What this task involves >>
Print this span of the material below exactly: the line with "MIZUNO ミズノ MP-60 5-9.P 6本 アイアンセット", the line with "Load image into", and every line between them, but nothing else.

Input data >>
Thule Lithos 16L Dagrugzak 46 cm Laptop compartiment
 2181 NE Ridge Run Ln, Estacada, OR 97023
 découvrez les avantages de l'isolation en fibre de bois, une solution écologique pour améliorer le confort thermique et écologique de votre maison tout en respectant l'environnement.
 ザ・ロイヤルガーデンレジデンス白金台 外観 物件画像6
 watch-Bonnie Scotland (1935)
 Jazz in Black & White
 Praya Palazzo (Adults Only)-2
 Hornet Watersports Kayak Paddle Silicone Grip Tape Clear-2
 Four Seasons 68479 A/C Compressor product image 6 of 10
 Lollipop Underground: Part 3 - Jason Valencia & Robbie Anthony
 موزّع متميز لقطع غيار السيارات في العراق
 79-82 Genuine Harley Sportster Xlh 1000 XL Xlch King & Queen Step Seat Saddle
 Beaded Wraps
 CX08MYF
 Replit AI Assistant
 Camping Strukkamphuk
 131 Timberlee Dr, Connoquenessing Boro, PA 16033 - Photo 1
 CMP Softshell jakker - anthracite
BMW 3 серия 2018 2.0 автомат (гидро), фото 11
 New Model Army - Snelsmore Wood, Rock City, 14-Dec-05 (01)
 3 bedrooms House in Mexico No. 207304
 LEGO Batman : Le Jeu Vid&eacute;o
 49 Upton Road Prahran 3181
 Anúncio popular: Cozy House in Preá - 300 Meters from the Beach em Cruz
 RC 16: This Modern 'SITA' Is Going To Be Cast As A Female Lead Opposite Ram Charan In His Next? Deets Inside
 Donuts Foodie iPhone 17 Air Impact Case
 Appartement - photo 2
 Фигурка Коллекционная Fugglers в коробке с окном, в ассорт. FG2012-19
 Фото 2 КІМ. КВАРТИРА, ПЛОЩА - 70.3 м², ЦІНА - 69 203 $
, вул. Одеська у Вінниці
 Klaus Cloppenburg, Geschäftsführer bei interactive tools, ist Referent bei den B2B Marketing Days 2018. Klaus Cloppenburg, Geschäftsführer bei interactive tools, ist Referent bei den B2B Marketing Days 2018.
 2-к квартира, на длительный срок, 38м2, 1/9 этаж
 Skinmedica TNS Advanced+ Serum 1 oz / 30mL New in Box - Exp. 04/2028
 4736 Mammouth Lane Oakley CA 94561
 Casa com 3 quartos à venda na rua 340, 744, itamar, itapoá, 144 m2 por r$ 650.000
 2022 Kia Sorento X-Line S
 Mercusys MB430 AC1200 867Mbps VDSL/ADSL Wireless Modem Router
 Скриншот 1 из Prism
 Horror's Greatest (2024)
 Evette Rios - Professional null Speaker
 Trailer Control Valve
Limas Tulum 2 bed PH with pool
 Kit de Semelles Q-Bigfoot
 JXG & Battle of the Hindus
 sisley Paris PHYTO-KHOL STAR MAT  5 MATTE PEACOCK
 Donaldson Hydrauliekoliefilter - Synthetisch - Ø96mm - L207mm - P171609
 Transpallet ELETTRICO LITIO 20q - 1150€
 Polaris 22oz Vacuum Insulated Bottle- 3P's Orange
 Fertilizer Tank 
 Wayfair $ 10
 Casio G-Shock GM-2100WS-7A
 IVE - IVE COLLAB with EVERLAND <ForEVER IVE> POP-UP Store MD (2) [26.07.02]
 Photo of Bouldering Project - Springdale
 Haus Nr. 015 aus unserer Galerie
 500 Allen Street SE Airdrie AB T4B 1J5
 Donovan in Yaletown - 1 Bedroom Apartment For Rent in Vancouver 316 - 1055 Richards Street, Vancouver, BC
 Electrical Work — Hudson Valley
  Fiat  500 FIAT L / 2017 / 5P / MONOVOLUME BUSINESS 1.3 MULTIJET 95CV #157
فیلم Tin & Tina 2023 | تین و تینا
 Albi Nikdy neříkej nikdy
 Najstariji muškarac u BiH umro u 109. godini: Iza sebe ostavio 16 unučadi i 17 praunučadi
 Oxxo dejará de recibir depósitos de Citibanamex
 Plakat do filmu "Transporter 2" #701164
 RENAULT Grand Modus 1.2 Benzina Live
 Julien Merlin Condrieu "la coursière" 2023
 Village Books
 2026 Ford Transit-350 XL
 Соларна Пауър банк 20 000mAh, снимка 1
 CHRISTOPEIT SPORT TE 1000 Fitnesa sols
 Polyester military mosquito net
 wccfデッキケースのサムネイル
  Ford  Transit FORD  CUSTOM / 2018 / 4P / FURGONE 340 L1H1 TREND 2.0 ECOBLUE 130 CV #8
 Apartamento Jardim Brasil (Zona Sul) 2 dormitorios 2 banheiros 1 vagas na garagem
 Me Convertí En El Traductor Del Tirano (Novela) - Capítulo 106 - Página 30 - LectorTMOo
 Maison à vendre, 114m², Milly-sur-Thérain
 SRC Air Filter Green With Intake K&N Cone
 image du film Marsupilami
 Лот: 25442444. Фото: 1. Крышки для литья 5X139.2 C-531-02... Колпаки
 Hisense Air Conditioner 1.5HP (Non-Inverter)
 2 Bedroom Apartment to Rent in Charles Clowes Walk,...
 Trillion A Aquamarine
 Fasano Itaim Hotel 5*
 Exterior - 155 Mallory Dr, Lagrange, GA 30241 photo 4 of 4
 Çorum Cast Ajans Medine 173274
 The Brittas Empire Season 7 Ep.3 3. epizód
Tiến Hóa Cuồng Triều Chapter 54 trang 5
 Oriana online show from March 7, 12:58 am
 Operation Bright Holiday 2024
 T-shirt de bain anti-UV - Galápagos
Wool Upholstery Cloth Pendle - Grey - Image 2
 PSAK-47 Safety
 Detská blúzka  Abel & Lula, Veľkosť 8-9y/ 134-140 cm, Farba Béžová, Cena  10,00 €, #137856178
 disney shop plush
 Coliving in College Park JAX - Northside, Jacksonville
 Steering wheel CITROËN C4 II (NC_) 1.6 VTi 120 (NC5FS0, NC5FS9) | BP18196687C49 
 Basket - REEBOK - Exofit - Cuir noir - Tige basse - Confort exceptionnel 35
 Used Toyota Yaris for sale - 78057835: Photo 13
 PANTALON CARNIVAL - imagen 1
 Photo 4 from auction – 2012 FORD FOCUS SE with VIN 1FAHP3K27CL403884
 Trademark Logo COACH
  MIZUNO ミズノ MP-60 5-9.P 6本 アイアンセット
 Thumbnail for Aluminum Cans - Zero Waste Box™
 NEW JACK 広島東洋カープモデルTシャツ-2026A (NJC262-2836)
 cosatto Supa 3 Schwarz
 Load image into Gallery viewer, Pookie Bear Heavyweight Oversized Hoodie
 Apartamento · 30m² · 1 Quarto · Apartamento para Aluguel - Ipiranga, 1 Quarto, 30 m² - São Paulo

Response >>
  MIZUNO ミズノ MP-60 5-9.P 6本 アイアンセット
 Thumbnail for Aluminum Cans - Zero Waste Box™
 NEW JACK 広島東洋カープモデルTシャツ-2026A (NJC262-2836)
 cosatto Supa 3 Schwarz
 Load image into Gallery viewer, Pookie Bear Heavyweight Oversized Hoodie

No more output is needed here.